# Verslavingen > Anabolen >  Vraag over creatine??

## Corleone

hai allemaal ik had namelijk 3 weken terug no explode en cell mass gekocht het is een combi van elkaar 1tje neem je voor training een boosterd, en cell mass na de training pre work out maar ik wil meer massa krijgen.

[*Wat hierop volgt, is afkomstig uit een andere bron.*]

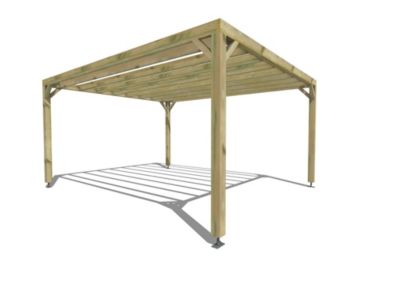 Pergola bois - 4m x 5m - indépendante - sens profondeur - livraison comprise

en wat zwaarder worden dus had gehoord over een product dat cell tech heet van muscletech die heb ik besteld 3 kg pot heb hem binnen,
dus de vraag is ik zit nou precies 3 weken die cell mass en no explode te gebruiken, kan ik dus omschakelen naar cell tech? omdatje wat massa krijgt wil ik hem nu gebruiken voor de zomer

En dat ik dus no explode dan neem voor training en cell tech na trainign in plaats van cell mass hoeveel weken mag ik hem dan nog gebruiken eigenlijk de cell tech zit nu 3 weken aan die creatine cel mass ?

----------


## Luuss0404

Ik heb hier geen verstand van, dus ik hoop dat iemand anders reageert...
En voor wat massa voor de zomer lijkt het me belangrijk het hele jaar door te trainen en goed/gezond te eten  :Roll Eyes (Sarcastic):

----------